Upgrade to a better headstock
The Project
I have a logan 10” lathe that was built in 1946 and sold under the Montgomery-Ward brand. Well, it’s most correct to say that I had a logan 10” lathe.
If you didn’t know, logan used the same beds on their 10, 11, and 12” swing lathes. This makes the 10” lathe compare very favorably to comparable South-bend models of the same size. Since they aren’t as well known as South-Bend, logan models can be found more affordable too. Logan also provisioned the larger swing lathes with a significant improvement in spindle size and geometry. The 11” lathe headstock used a 1-3/8” spindle bore, suitable for 5C collets (compare to the 25/32” through bore of the 10” lathe).
I recently completed upgrading the carriage/apron on the old lathe to use the newer automatic apron. Next, was upgrading the headstock.
The New Headstock
The new headstock was purchased on eBay. I could still check most of the condition visually, for example, that there were no missing gear teeth. Bearings where a concern, but I knew in advance that Logan used standard deep groove ball bearings for spindle bearings.

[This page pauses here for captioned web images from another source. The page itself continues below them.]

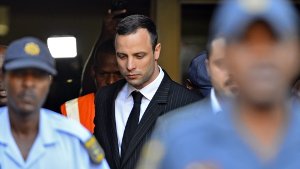 Oscar Pistorius auf dem Weg in den Gerichtssaal. Foto: dpa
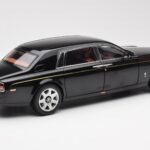 Rolls-Royce Phantom VII EWB Diamond Zwart Kyosho 1:18 08841DBK2 - image 3 of 8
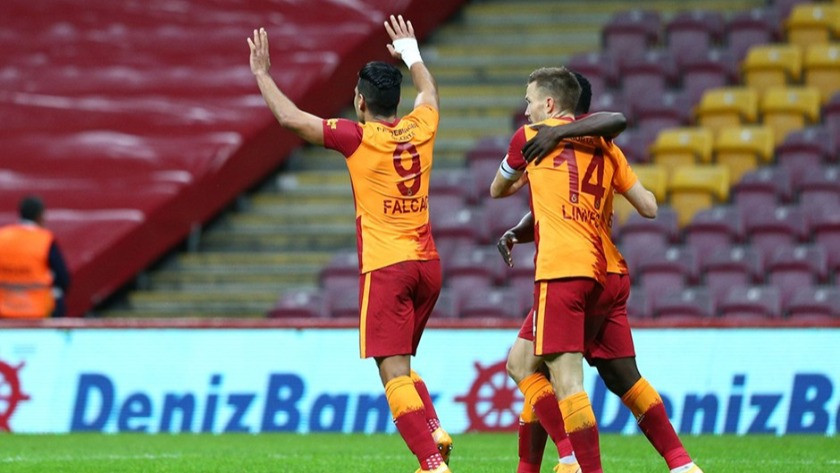 Galatasaray, deplasmanda Erzurumspor'u 2-1 mağlup etti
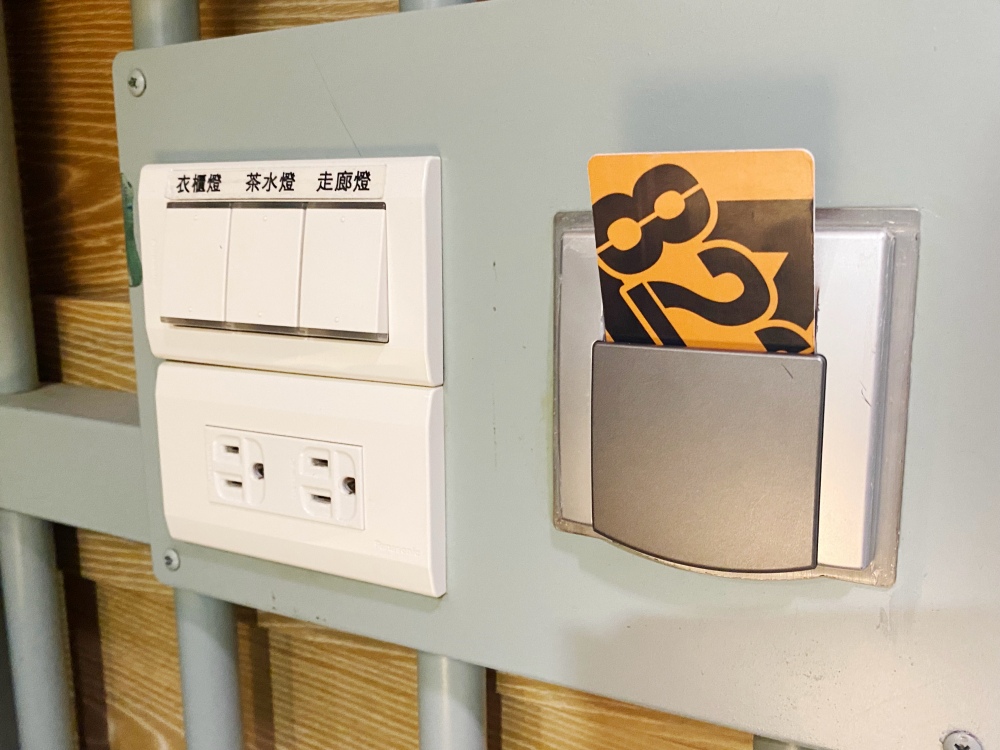 2025 金門旅遊特色住宿推薦，軍事風設計住宿「八二三行館」，房內有槍有監獄 好玩又好拍的住宿空間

The unit was nicely shipped in a wooden crate and received without drama.
Upon receiving the unit, I disassembled and inspected it. I was happy to see a hardened and ground spindle, in very good condition. The current bearings were gummy though, but everything else was in good working order.
Here shown in comparison with the 10” spindle housing.
A new tailstock is required too! The 11” tailstock is more sturdy than the already sturdy 10”, with longer ram stroke too.
After cleanup, the new headstock and tailstock can be “installed”.
New Headstock Bearings
One primary concern with any used lathe headstock is the condition of its spindle bearings.
The topic of spindle bearings in general is beyond the scope of this blog, and converted well elsewhere. I did however, need to purchase new ones.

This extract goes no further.